According to Gartner, “through 2018, 80% of data lakes will not include effective metadata management capabilities, making them inefficient. Also Gartner predicts, “Through 2018, 70% of Hadoop deployments will fail to meet cost savings and revenue generation objectives due to skills and integration challenges.” In other words, 80% of data lakes will fail without a strong semantic layer and integration with other data silos.
The solution is simple – every data lake project should include data virtualization in its architecture. This creates a logical data warehouse (for analytics) or virtual data services layer (for operations and self-service information access) or both. This combination works. It enables data lakes to achieve low-cost storage and analytics of large unstructured data volumes leveraging open source technologies such as Hadoop; at the same time it allows business users to understand and use meaningful information combining traditional and big data effectively for business goals.
You might ask: why do I need data virtualization and not have all my data go through a data lake and use that instead? There are many reasons why data virtualization is a good idea. Here are the top four that our customers say are the most beneficial:
1. Semantic and Security Layers on top of a Data Lake
Semantic and security layers on top of a data lake increases value and benefit to a wide range of users. A lot of data lakes focus just on ingestion and storage and don’t think through how the data will be understood or accessed. This limits usage to a few data scientists and not the broader use that was originally envisioned. Data virtualization provides several capabilities to enhance the data lake as experienced by broad range of users:
- Semantic layer – easy to organize and access the data as canonical business views.
- Security layer – several big data technologies don’t have robust security. DV avoids losing control of the data through authentication, audit, logging of all access.
- Discovery layer – semantic layer in turn facilitates self-service discovery of data assets by entity, name, attribute, etc.
- Sharing layer – large data set are now repurposed for sharing in small chunks, different formats such as REST, RSS feed, etc.
2. Minimize Data Movement using Logical Data Warehouse (LDW)

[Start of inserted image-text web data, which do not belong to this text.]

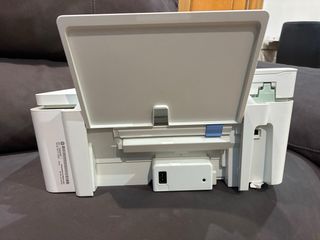 Impresora HP Multifunción Blanca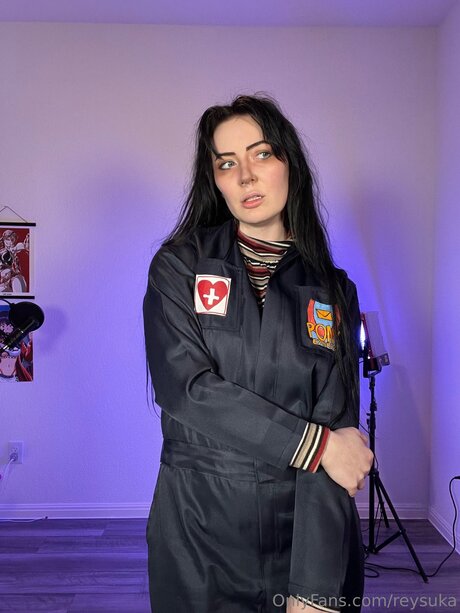 reysuka étoile exclusive images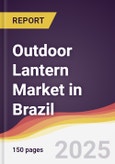 Outdoor Lantern Market in Brazil- Product Image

While it seems feasible to move all data to data lakes (since Hadoop is cheaper), it still is not recommended to put ALL your data in a data lake. Every time you replicate data it adds both direct and indirect costs, and worse it impacts your agility negatively. Instead, use the LDW to provide an integrated view of structured and unstructured data across silos while delivering high performance. Today’s leading data virtualization platforms use Dynamic Performance Optimization to move the processing to where the data is resident, thus leveraging the power of underlying big data platforms. This frees you up to put only the data you need to in big data lakes, and leave the rest where it best belongs …historical, time series, unstructured, operational, external data, etc…. and learn to leverage data “where it is”.
3. Accommodate Dynamic Business Requirements
Dynamic business requirements are met faster with data virtualization’s capabilities to integrate new sources and new technologies.

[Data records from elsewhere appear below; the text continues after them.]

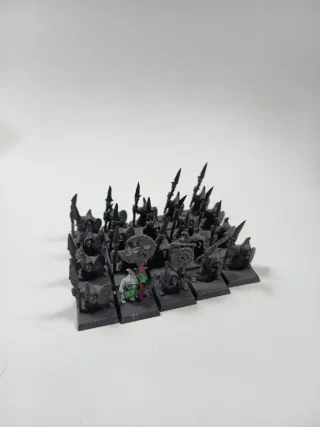 20 guerreros goblin nocturnos (2)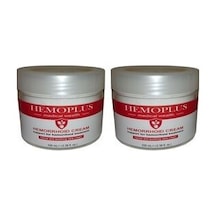 Hemoplus Kremi 100ml 2 Adet
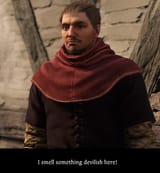 henrydevilish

- New sources of data – much faster to include in LDW than having to move it first to a data lake. This provides time to market advantage. It also allows supports temporary or transient use cases more responsively.

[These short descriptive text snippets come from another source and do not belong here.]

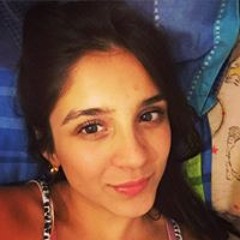 Estefania Ubeda Roman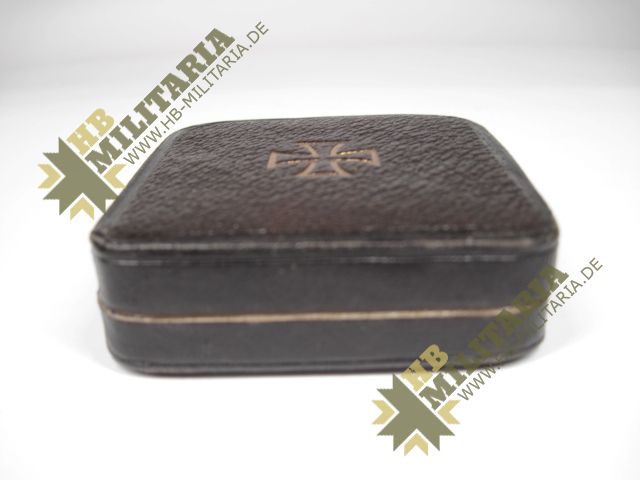 Eisernes Kreuz 1914. Erste Klasse im Etui. EK1 – Bild 8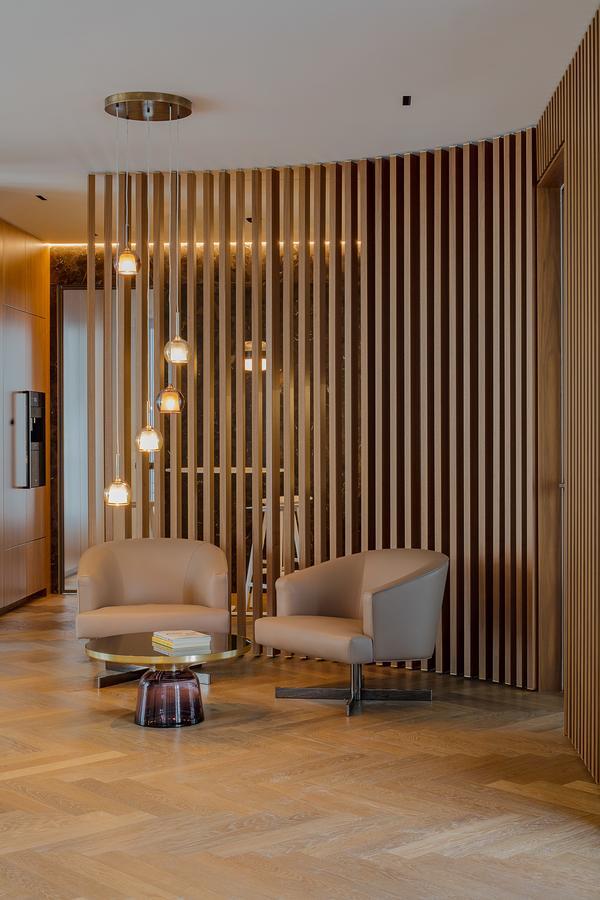 Dd Serviced Aparthotel Munich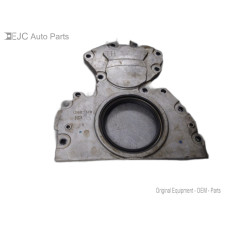 210C211 Rear Oil Seal Housing For 14-16 Chevrolet Silverado 1500  5.3 12623310 Gas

- New technologies – your data lake may be on one flavor or big data technology today, but change rapidly as new technologies emerge. Data virtualization helps to abstract these changes to the user and allows the big data / analytics stack to evolve while delivering business value all through the cycle. Significantly it also avoids vendor lock-in and flexibility to leverage pay-as-you-go cloud models.
4. Accelerate Transition from Raw Data to Actionable Insights
Data virtualization facilitates exploration of raw data assets, operationalization of analytics functions, and democratization of analytics for process change.
- Data Scientists – exploration phase: their job is to troll vast amounts of data to find new insights. So having access to an enterprise data catalog with rich metadata facilitates better understanding of where to find those insights during the experimental stage of Big Data Analytics. Data Virtualization helps the creation of multiple sandboxes for data scientists.
- Business Analysts – perationalization phase: when insights have the potential to impact business positively, time to market on operationalizing it becomes important. Data virtualization helps to operationalize and govern execution of analytic functions and processes in real-time by exploiting data lakes alongside other data stores, as a data processing environment. This is accomplished through dynamic query pushdown, thus leveraging either in-database or in-cluster processing.
- Business Users – realization phase: In this phase the analytics – reactive, prescriptive, and predictive – are made actionable by democratizing the analytics output for multiple persona and downstream applications for broader consumption in various output formats including mobile friendly format such as REST and OData.
Big data lakes and data virtualization go together and avoid the perils of a data lakexit down the road. A Logical Data Warehouse strategy is highly recommended by leading analysts and consultants with experience, and has been proven effective in several leading companies.